### Exercise
In the listing below, find the line with "Hand-Painted Van Gogh" and copy every line from there up to and including the line with "VT license plate OTU726", exactly and without pictures.

### Study material
......

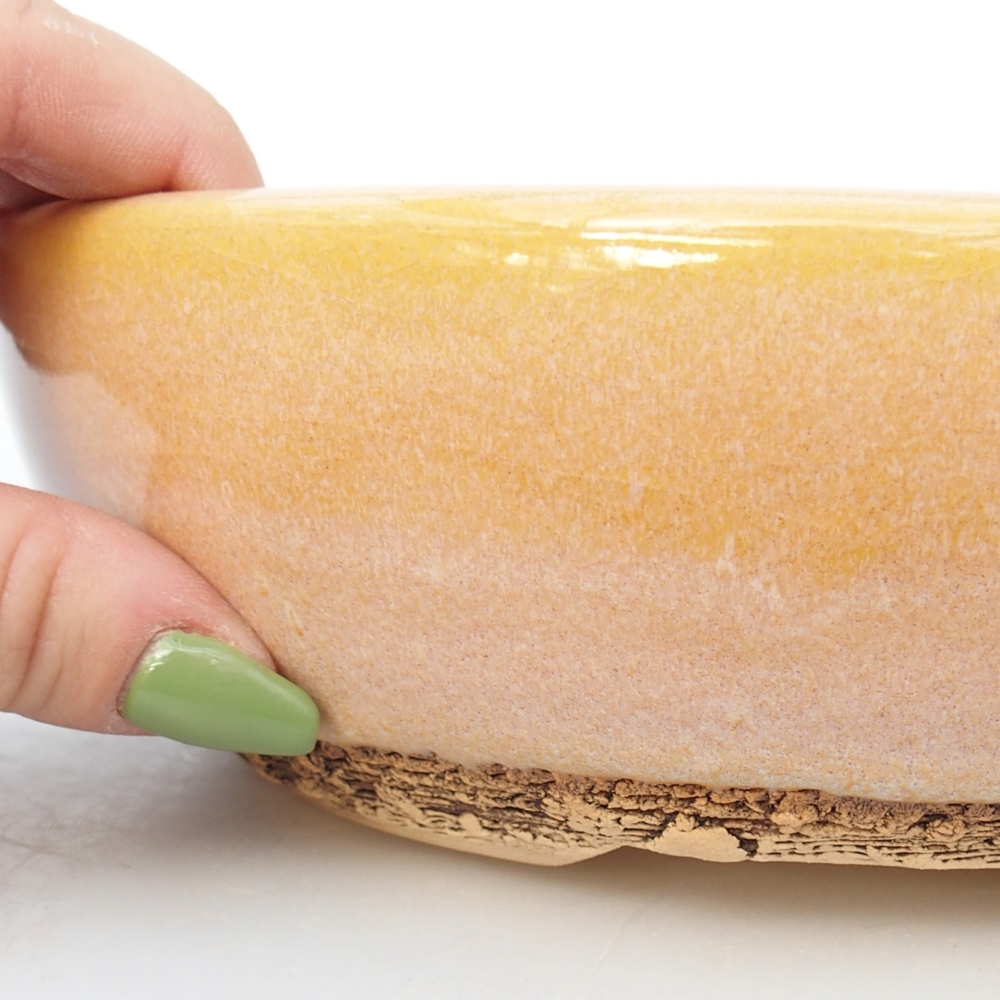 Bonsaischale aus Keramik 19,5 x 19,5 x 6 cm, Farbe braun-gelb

......

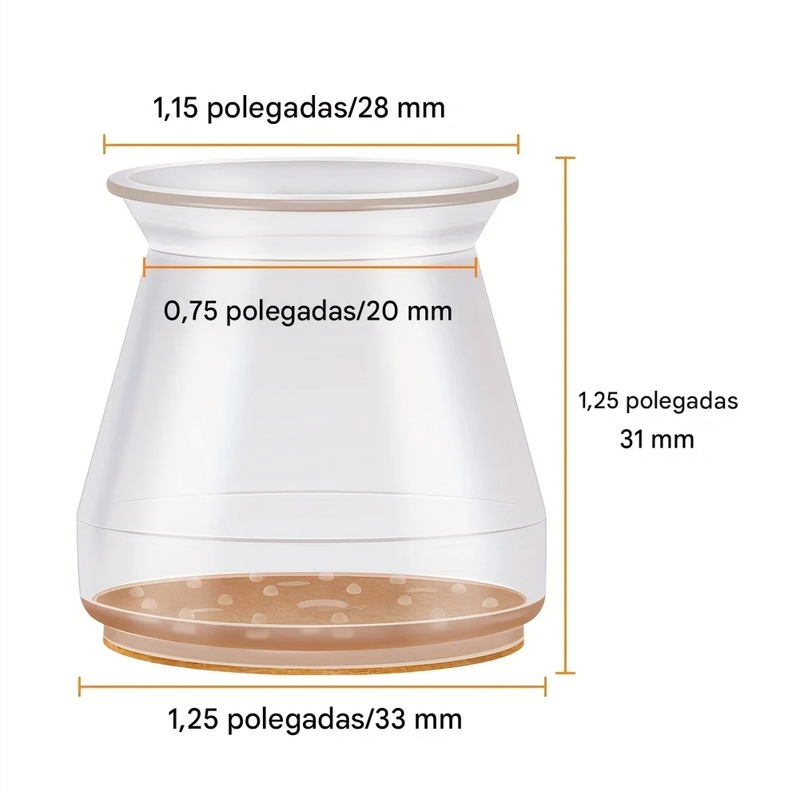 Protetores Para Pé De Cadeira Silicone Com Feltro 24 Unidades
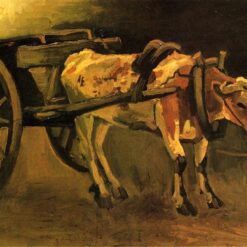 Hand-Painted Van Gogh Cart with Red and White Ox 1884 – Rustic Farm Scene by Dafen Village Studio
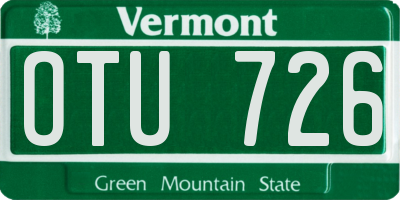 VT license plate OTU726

......

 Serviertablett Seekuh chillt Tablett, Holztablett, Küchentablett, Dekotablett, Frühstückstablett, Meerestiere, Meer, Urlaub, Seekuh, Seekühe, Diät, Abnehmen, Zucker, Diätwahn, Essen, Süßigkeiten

......

### Answer for this exercise
 Hand-Painted Van Gogh Cart with Red and White Ox 1884 – Rustic Farm Scene by Dafen Village Studio
 VT license plate OTU726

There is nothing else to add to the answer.